Thursday, 3 November 2016
Errrr...Whose, History, Exactly
An interesting historical read is in the offing at Men Of The West.
Mr. Stang thinks much as I do - I have spent the majority of my life as an ahistorical chucklehead. Recenty I have become a fan of historic fiction and then went on to become a fan of non-fiction too. The siege of Malta is no doubt riddled with bravery, self sacrifice, and courage.
I may get egged for it - and I say this as a noob on historical affairs: I think Mr. Stang may be lacking some context with this. Every civilization from moslems to mongols have had battles like this where victory was won at impossible odds. Maybe God intervened in that battle against the mudflap because the heroes were pious and just - or maybe they won because they got incredibly lucky, and incredibly vicious? In all such battles, this is how men fight when they are cornered.
I know it's fashionable to say all war is uncivilised but it most certainly isn't.

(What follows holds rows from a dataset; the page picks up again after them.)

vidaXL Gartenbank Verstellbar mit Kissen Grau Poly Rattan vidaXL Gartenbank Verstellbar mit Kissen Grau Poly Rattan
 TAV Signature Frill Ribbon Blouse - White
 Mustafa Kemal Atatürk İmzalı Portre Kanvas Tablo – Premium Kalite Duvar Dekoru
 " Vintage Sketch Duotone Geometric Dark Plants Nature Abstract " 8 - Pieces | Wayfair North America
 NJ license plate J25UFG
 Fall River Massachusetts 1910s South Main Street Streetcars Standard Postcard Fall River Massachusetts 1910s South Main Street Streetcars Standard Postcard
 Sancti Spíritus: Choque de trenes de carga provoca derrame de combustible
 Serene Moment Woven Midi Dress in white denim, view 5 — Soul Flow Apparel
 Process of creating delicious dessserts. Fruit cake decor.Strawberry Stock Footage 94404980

That kind of thinking is for Jay Leno and his giggling chucklehead interviewees, and turd brained Hollywood peaceniks like Alan Alda. (M*A*S*H reruns make me want to vomit). This battle illustrates the need to take prisoners and treat them well whenever possible. Another thing peaceniks and pacifists like to say is that 'there is no such thing as 'good guys' and 'bad guys'. (Uncle Bob! Call holding on line 2!)
I say there is - and you can tell who the good guys are by the way they treat their prisoners. The media is very careful to whitewash Islam - I recently saw an article where those ISIS pukes were beheading toddlers. And yes - there were pics. They weren't photo shopped, and it wasn't propaganda. We have absolutely no business apologising to the Japs or the moslems. (I never understood that. We apologized to the Japs and our leaders fall over themselves to fellate the moslems - but we never have apologized to Germany. Whatever)
We all know that ya never believe everything ya read. We know it in our guts as well as our heads - one trip through the New York Times or the Globe & Mail or even The National Post is enough to tell you that journalism is dead. Equally important though - is what you don't read - or the invisible stuff written between the lines despite the author's best efforts.